- _Problem to solve_
Find every line in the entries that holds the string "with" and report it.

:::

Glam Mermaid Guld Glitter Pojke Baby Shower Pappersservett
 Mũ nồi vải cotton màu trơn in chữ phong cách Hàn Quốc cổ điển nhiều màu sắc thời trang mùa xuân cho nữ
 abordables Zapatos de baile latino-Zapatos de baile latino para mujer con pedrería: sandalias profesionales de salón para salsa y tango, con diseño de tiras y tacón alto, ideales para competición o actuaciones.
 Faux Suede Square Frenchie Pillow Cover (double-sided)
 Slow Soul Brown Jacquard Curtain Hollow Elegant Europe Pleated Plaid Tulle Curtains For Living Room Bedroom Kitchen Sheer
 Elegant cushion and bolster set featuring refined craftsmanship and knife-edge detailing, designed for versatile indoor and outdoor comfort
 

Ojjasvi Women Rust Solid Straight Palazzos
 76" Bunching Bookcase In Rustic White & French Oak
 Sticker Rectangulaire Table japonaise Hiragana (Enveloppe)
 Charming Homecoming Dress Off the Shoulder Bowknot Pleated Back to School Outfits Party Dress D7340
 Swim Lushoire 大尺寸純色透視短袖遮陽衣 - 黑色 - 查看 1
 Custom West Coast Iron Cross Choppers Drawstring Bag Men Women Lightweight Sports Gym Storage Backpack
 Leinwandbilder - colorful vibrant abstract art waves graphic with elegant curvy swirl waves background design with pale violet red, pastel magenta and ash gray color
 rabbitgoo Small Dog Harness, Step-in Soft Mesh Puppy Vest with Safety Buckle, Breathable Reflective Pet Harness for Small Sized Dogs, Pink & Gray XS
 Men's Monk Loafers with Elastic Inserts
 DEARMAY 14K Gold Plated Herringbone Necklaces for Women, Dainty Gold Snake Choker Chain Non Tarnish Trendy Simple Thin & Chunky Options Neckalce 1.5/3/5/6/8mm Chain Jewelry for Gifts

:::

- _Written solution_
 Leinwandbilder - colorful vibrant abstract art waves graphic with elegant curvy swirl waves background design with pale violet red, pastel magenta and ash gray color
 rabbitgoo Small Dog Harness, Step-in Soft Mesh Puppy Vest with Safety Buckle, Breathable Reflective Pet Harness for Small Sized Dogs, Pink & Gray XS
 Men's Monk Loafers with Elastic Inserts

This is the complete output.